BEGIN

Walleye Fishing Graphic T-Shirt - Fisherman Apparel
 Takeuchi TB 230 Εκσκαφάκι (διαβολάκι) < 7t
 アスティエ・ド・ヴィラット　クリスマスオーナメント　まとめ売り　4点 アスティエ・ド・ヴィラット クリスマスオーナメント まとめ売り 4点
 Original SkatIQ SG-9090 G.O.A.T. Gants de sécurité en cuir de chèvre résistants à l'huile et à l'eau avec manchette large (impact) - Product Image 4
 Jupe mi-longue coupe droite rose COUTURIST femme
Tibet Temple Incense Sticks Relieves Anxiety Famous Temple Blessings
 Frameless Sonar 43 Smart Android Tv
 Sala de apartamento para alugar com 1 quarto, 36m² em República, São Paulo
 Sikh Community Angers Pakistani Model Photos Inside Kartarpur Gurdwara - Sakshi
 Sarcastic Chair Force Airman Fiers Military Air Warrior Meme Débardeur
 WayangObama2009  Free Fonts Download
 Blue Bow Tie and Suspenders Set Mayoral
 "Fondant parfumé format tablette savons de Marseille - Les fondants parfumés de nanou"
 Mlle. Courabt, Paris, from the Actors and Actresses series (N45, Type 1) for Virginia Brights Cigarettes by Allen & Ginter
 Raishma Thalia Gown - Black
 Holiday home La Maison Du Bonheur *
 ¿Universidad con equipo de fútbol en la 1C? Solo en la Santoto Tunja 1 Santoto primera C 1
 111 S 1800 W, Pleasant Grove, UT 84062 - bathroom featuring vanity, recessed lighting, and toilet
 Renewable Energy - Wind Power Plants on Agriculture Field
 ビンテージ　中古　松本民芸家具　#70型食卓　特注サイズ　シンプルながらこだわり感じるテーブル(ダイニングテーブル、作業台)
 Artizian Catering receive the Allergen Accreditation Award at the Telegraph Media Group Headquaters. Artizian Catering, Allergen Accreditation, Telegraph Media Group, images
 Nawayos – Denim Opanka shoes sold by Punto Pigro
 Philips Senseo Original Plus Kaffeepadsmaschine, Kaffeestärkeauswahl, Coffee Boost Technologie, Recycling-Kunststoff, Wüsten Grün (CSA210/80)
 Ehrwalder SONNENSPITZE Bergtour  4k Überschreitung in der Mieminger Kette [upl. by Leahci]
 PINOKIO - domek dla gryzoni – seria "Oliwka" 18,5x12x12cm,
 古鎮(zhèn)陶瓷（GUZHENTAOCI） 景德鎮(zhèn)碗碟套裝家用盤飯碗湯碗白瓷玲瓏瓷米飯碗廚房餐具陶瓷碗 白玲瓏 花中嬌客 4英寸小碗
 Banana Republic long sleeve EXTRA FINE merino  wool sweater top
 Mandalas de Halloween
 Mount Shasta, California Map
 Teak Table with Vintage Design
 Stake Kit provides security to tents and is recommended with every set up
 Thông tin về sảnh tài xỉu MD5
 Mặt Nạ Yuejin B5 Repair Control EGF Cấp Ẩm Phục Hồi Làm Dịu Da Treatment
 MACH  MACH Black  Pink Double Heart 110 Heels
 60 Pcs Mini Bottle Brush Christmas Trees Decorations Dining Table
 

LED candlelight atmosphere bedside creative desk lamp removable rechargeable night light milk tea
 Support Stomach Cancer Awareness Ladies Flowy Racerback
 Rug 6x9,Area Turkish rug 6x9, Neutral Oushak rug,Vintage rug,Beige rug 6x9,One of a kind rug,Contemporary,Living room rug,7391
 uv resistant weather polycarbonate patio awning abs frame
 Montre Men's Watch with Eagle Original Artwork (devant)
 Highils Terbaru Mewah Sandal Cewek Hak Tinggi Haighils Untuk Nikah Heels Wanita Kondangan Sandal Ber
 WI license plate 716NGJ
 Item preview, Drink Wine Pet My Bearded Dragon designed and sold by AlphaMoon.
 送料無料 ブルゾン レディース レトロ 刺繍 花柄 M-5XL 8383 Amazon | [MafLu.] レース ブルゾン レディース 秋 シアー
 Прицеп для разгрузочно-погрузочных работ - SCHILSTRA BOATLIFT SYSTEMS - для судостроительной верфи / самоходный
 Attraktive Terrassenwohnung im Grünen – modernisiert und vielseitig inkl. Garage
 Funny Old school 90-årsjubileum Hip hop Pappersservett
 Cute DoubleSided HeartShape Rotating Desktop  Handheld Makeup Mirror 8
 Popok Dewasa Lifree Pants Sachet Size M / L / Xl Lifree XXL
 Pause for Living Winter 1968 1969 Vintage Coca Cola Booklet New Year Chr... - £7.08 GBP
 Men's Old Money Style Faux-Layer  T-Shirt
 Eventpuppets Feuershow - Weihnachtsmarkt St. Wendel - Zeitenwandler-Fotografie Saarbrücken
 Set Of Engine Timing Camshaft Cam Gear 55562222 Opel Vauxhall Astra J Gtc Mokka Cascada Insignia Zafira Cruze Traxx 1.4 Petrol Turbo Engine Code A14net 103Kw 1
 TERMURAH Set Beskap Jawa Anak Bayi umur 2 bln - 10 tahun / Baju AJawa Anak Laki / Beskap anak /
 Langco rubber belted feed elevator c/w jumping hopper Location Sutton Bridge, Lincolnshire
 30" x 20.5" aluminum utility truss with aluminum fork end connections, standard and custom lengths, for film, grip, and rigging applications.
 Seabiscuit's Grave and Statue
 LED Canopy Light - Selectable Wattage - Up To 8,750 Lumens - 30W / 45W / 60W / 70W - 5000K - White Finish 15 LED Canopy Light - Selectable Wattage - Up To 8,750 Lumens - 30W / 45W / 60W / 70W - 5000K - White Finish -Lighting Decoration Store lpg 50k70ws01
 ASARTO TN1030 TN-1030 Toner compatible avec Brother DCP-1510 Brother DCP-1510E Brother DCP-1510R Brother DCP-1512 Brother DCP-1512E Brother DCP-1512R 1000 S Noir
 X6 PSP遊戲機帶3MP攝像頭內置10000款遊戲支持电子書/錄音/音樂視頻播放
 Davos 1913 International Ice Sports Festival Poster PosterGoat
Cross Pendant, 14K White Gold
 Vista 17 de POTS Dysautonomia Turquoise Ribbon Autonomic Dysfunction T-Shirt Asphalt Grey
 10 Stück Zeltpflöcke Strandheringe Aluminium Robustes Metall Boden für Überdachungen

END

_Work order_.
Everything in the material above from the line that has "Artizian Catering receive" through the line that has "Item preview, Drink" must be duplicated exactly, with no other lines given.

_Response for this exercise_.
 Artizian Catering receive the Allergen Accreditation Award at the Telegraph Media Group Headquaters. Artizian Catering, Allergen Accreditation, Telegraph Media Group, images
 Nawayos – Denim Opanka shoes sold by Punto Pigro
 Philips Senseo Original Plus Kaffeepadsmaschine, Kaffeestärkeauswahl, Coffee Boost Technologie, Recycling-Kunststoff, Wüsten Grün (CSA210/80)
 Ehrwalder SONNENSPITZE Bergtour  4k Überschreitung in der Mieminger Kette [upl. by Leahci]
 PINOKIO - domek dla gryzoni – seria "Oliwka" 18,5x12x12cm,
 古鎮(zhèn)陶瓷（GUZHENTAOCI） 景德鎮(zhèn)碗碟套裝家用盤飯碗湯碗白瓷玲瓏瓷米飯碗廚房餐具陶瓷碗 白玲瓏 花中嬌客 4英寸小碗
 Banana Republic long sleeve EXTRA FINE merino  wool sweater top
 Mandalas de Halloween
 Mount Shasta, California Map
 Teak Table with Vintage Design
 Stake Kit provides security to tents and is recommended with every set up
 Thông tin về sảnh tài xỉu MD5
 Mặt Nạ Yuejin B5 Repair Control EGF Cấp Ẩm Phục Hồi Làm Dịu Da Treatment
 MACH  MACH Black  Pink Double Heart 110 Heels
 60 Pcs Mini Bottle Brush Christmas Trees Decorations Dining Table
 

LED candlelight atmosphere bedside creative desk lamp removable rechargeable night light milk tea
 Support Stomach Cancer Awareness Ladies Flowy Racerback
 Rug 6x9,Area Turkish rug 6x9, Neutral Oushak rug,Vintage rug,Beige rug 6x9,One of a kind rug,Contemporary,Living room rug,7391
 uv resistant weather polycarbonate patio awning abs frame
 Montre Men's Watch with Eagle Original Artwork (devant)
 Highils Terbaru Mewah Sandal Cewek Hak Tinggi Haighils Untuk Nikah Heels Wanita Kondangan Sandal Ber
 WI license plate 716NGJ
 Item preview, Drink Wine Pet My Bearded Dragon designed and sold by AlphaMoon.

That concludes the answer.